The following event (or some similar variation) has happened to me several times in the recent past.
I need to get from Point A to Point B. I have never been to Point B, or perhaps have never traveled to Point B from the Point A at which I currently reside. I print out directions. Or write them on a post-it. I get in my car. I drive. [insert road closure/missed turn/google-maps error here] I get lost.
I phone a friend. They talk me down. They get on their iphone/computer/map (psh!) and help me out, since I have yet to actually put a map in my car. (this is secondary because, in each of the places where I have gotten lost, I will never pull over and bust out a map. Nope. Better to keep driving like I know where I am) They give me directions. I get to Point B, where I can hopefully pound back a beer.
For all the time and energy I've spent lost, I could really use a GPS. (birthday what?) But, bid for free technology aside, the time and energy could have been saved had I simply made sure I had a clear idea of where I was going.
Sometimes there are going to be snags, on the way to Point B. It happens.
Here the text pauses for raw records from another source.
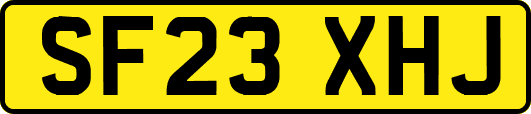 SF23XHJ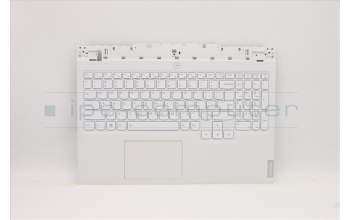 Lenovo 5CB1C74873 Tastatur inkl. TopcaseASM_USA ENG L82JUSGW/FILM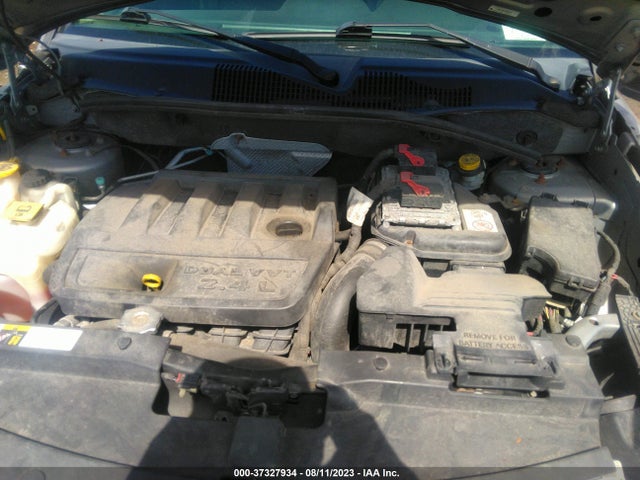 1C4NJDEB5ED852798 Jeep Compass Latitude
I either need to be adaptable (good direction sense/focus on Point B), prepared (map/phone), or lucky. Otherwise, I'm not going to make it. But even if I'm adaptable, there's another consequence: no one can follow me. Think of the last time you tried to follow someone who had no idea where they were going: the sharp, sudden turns, the swerves, the circles... it's unfair, to ask someone to follow me when I can't show them a clear path.
So, most importantly, I need to have a Point B, and I need a clear way to get there. When it needs to change, I change it, to another clear path back to Point B (or C... D...) Otherwise I'm driving around, wandering through neighborhoods I don't want to be in anyway, just burning fuel. Life is too short for that.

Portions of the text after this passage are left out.